The governor plays an active role within the judicial branch of Oklahoma government. Oklahoma has a Judicial Nominating Commission consisting of thirteen members that review all potential justices and judges of Oklahoma's appellate courts, such as the Oklahoma Supreme Court, and review them to determine if they qualify to hold their respective positions. Of these thirteen members, the governor appoints six without the consent of the Oklahoma Legislature. The governor's appointments serve for a term of six years each; the terms are staggered so that approximately one-third of the appointments become vacant every two years.
In the event of a vacancy upon the Oklahoma Supreme Court or on the Court of Criminal Appeals, the Judicial Nominating Committee submits three nominees to fill the vacancy to the governor and Oklahoma Supreme Court chief justice. The governor must appoint one to fill the vacancy within 60 days or the appointment is turned over to the chief justice.
The governor also possess the power to grant commutations, pardons and paroles for all offenses, except cases of impeachment, upon such conditions and with such restrictions and limitations as he may deem proper, subject to such regulations as may be prescribed by law.

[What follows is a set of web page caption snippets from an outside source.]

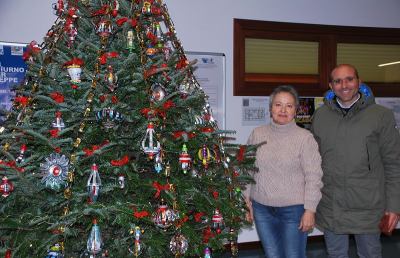 San Benedetto del Tronto, albero di Natale decorato con materiali riciclati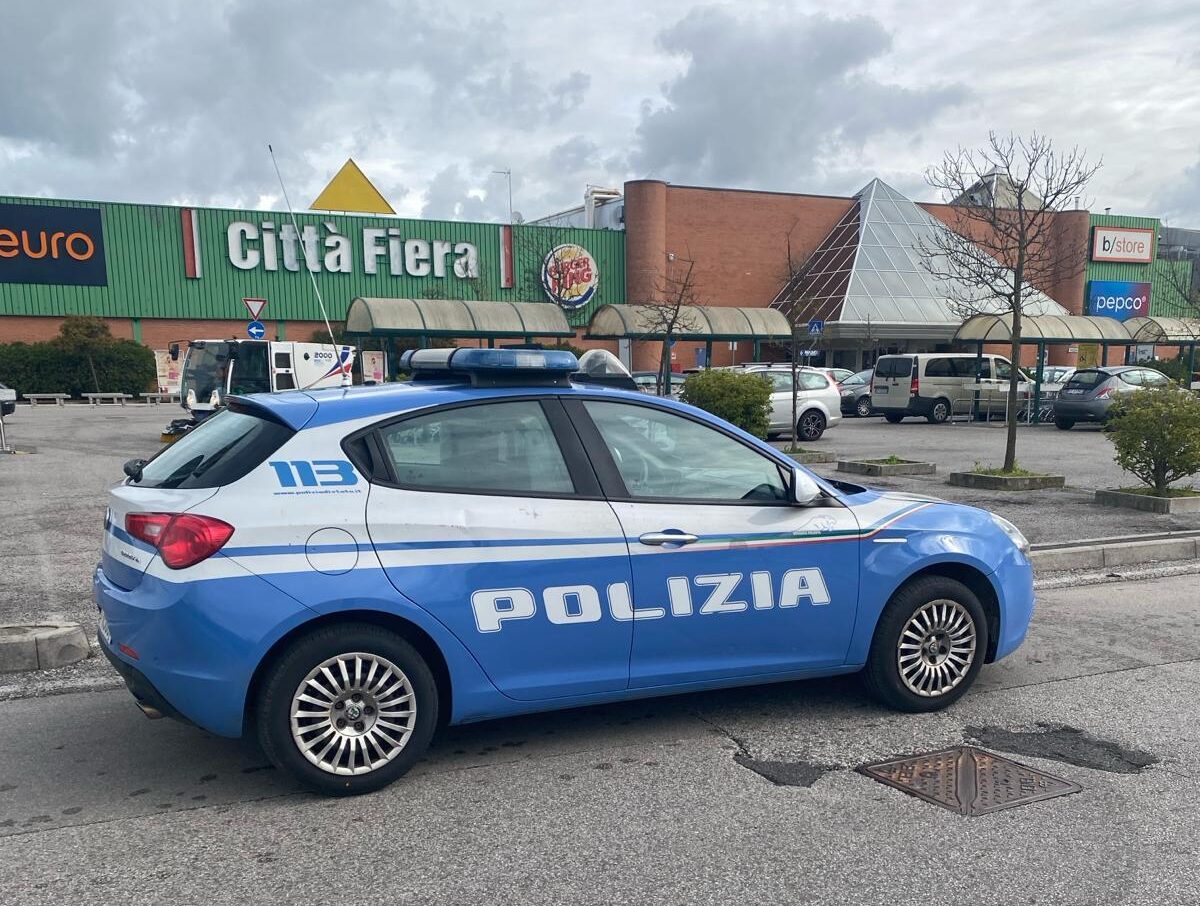 Udine, la Polizia di Stato arresta 3 persone sorprese a rubare  abbigliamento al centro commerciale Città Fiera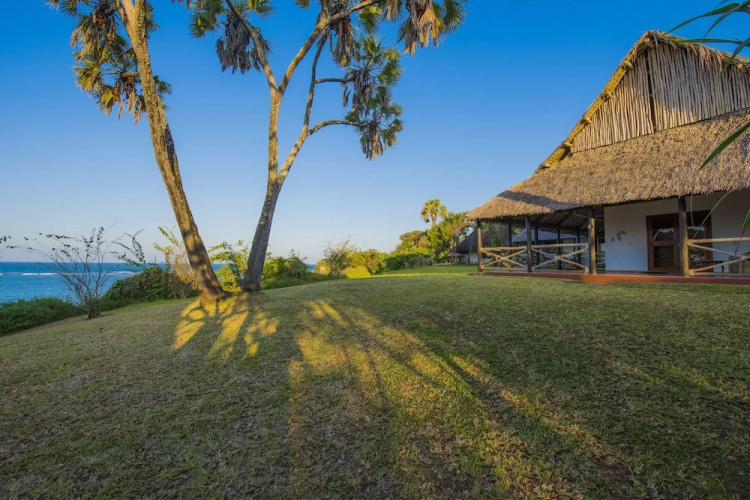 Amani Beach Resort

The governor does not have the power to grant paroles if a convict has been sentenced to death or sentenced to life imprisonment without parole. In order to grant a pardon to an individual, he must submit the name of the individual to the Oklahoma Pardon and Parole Board composed of five members, three of which are appointed by the governor at the beginning of his term in office to serve a term that coincides with his own. After reviewing the applicant for clemency, and a favorable vote from the majority, the board may empower the governor to make such acts of as he deems necessary.
The governor has the power to grant after conviction, reprieves, or a leave of absence not to exceed sixty days, without the action of the board. The governor is required to communicate to the Oklahoma Legislature, at each regular session, each case of reprieve, commutation, parole or pardon, granted, stating the name of the convict, the crime of which he was convicted, the date and place of conviction, and the date of commutation, pardon, parole and reprieve.
The governor, as Oklahoma's head of state, serves as the chief representative of Oklahoma to the United States and to the world. Deals between Oklahoma and foreign powers (including other U.S. states and the United States) are negotiated by the governor. This reflects the governor's position as the spokesman for the state and the state's interests to other state and world leaders. However, the governor may not make treaties with other nations or other U.S. states, as this is prevented by the United States Constitution.
In discharging his duty as chief spokesman, the governor may be required to testify before the United States Congress or meet with the President of the United States to address national issues that may affect the state. It is the governor's responsibility to promote Oklahoma's industries to the world economy as the spokesman for industrial development within the state. Along with those responsibilities comes the role of chief promoter of Oklahoma's goods and services to foreign consumers.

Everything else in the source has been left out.